#### Supplied data:
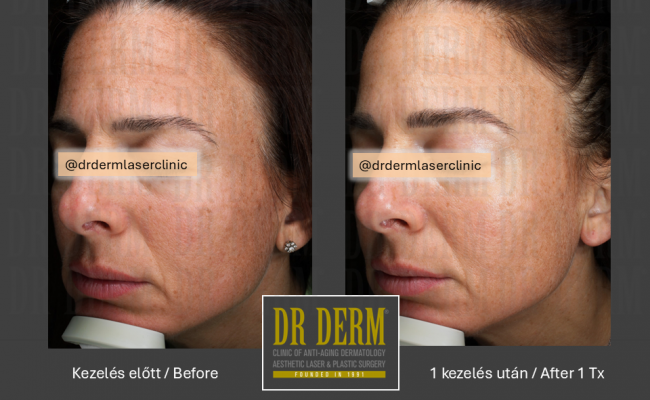 Potenza_Dr Derm Budapest 10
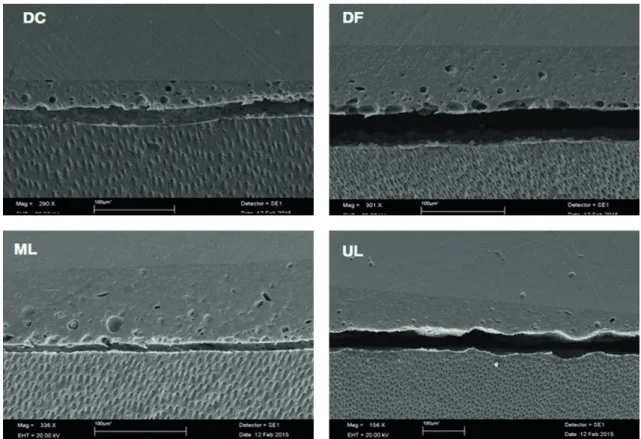 Figure 3. SEM photomicrographs of bonding interface with Rely XU200. Coarse diamond bur (DC), Fine diamond bur (CF), Multi laminate  diamond bur (ML) and Ultrasonic diamond bur (UL)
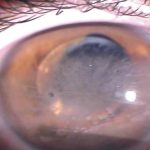 Fig. 4 Immagine del segmento anteriore di un paziente con complicanze oculari, evidenziando lussazione anteriore della IOL, cheratopatia a bandelletta.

#### What is required:
Leave the pictures out, and reproduce only the lines from the line holding "Figure 3. SEM" through the last line of the material, both included.

#### Output of the exercise:
 Figure 3. SEM photomicrographs of bonding interface with Rely XU200. Coarse diamond bur (DC), Fine diamond bur (CF), Multi laminate  diamond bur (ML) and Ultrasonic diamond bur (UL)
 Fig. 4 Immagine del segmento anteriore di un paziente con complicanze oculari, evidenziando lussazione anteriore della IOL, cheratopatia a bandelletta.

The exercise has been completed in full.